Comorbidities, alone and in combination with D-dimer, as risk factors for recurrence after a first episode of unprovoked venous thromboembolism in the extended follow-up of the PROLONG study

Benilde Cosmi, Cristina Legnani, Alberto Tosetto, Vittorio Pengo, Angelo Ghirarduzzi, Sophie Testa, Domenico Prisco, Daniela Poli, Armando Tripodi, Gualtiero Palareti, et al.

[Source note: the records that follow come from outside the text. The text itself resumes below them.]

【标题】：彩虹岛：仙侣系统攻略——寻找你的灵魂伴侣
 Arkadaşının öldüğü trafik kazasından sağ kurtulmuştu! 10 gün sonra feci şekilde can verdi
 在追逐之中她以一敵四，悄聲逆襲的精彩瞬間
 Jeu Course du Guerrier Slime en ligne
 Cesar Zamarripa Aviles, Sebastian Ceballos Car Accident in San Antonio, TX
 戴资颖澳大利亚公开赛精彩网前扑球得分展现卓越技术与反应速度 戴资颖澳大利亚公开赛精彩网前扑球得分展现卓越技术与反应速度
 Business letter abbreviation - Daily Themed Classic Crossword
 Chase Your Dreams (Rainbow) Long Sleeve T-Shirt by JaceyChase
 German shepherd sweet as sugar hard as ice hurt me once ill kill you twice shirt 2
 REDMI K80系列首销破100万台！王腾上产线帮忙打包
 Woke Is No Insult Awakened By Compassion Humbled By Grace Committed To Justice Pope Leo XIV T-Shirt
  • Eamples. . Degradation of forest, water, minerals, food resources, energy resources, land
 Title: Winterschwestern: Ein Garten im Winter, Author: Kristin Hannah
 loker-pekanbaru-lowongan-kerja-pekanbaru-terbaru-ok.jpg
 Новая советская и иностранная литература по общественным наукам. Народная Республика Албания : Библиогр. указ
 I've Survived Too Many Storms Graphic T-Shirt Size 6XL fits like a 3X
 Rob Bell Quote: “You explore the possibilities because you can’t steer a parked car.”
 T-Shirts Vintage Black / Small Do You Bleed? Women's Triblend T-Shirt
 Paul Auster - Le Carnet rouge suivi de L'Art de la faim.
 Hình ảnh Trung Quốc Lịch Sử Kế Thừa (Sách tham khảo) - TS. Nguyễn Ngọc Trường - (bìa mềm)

Thrombosis and Haemostasis 2010, 103 (6): 1152-60
20352167
The PROLONG randomised clinical trial showed that an abnormal D-dimer at one month after vitamin K antagonist (VKA) suspension for a first episode of unprovoked venous thromboembolism (VTE) is associated with a higher risk of recurrence. However, other patient characteristics, such as comorbidities, in combination with D-dimer could also influence the recurrence risk. It was the objective of this study to assess the predictive value of comorbidities and D-dimer in combination for recurrence after withdrawal of VKA in patients enrolled in the PROLONG study. On the day of VKA suspension, the presence of known (coronary, peripheral,cerebral) vascular disease, chronic inflammatory bowel disease, chronic obstructive pulmonary disease, autoimmune disease, diabetes, arterial hypertension, obesity and dyslipidaemias was registered. D-dimer was measured at 30 +/- 10 days afterwards. The primary outcome was recurrent objectively documented VTE. Mean follow-up was 2.55 years. An abnormal D-dimer was observed in 44% (135/309) of patients with comorbidities and in 29% (87/299) of patients without (p=0.0003). An on-treatment analysis was conducted in 483 patients in whom VKAs were not resumed. In patients with a normal D-dimer, recurrences were observed in 14.3% (24/168) of patients with comorbidities and 10.8% (22/203) of subjects without (p=ns). In patients with an abnormal D-dimer, recurrences were observed in 24.6% (16/65) patients with comorbidities and 21.3% (10/47) of patients without (p=ns). Although abnormal D-dimer levels were significantly more frequent in patients with comorbidities, D-dimer was an independent risk factor for recurrence and the presence of comorbidities did not increase the risk of recurrence associated with an abnormal post-anticoagulation D-dimer.